_PROBLEM DESCRIPTION_.
Look through the lines below for the word "with", and copy every line that has it.

*** THE INPUT Section Begins ***

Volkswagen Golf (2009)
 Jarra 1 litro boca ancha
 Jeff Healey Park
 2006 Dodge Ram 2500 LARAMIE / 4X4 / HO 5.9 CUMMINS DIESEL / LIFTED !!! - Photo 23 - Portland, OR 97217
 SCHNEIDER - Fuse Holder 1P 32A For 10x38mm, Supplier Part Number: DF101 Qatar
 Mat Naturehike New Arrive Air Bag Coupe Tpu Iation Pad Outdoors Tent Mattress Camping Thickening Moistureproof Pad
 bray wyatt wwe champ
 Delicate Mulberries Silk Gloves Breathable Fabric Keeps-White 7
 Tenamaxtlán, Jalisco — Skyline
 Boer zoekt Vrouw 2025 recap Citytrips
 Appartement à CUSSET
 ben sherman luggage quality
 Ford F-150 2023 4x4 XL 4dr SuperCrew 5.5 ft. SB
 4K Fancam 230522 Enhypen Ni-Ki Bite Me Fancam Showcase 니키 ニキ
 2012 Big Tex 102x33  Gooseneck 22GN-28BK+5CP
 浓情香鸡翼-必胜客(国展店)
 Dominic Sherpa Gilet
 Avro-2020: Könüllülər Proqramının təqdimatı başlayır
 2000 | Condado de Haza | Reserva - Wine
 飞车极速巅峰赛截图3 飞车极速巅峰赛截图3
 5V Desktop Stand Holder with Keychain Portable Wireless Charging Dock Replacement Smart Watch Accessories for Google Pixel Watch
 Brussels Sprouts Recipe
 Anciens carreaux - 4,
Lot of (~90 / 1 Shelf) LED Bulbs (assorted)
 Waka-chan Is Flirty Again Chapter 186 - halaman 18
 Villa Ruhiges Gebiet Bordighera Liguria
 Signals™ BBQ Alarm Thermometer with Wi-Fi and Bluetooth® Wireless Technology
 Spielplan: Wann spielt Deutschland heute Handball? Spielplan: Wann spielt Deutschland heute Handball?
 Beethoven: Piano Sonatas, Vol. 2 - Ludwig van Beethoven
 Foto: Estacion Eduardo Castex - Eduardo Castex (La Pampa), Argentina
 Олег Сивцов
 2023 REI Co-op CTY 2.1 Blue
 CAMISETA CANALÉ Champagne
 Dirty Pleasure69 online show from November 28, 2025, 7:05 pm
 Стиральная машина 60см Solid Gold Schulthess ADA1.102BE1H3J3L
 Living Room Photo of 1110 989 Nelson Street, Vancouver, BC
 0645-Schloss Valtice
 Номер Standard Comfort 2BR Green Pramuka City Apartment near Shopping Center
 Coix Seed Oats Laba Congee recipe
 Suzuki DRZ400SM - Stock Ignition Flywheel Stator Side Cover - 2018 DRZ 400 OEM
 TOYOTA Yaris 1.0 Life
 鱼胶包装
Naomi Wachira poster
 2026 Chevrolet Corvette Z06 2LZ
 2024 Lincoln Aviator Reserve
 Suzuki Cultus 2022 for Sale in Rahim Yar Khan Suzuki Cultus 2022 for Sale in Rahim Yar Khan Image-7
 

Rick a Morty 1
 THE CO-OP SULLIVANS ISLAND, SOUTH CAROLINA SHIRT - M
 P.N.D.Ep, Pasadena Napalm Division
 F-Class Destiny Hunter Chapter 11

*** THE INPUT Section Ends ***

_SOLUTION BELOW_.
 5V Desktop Stand Holder with Keychain Portable Wireless Charging Dock Replacement Smart Watch Accessories for Google Pixel Watch
 Signals™ BBQ Alarm Thermometer with Wi-Fi and Bluetooth® Wireless Technology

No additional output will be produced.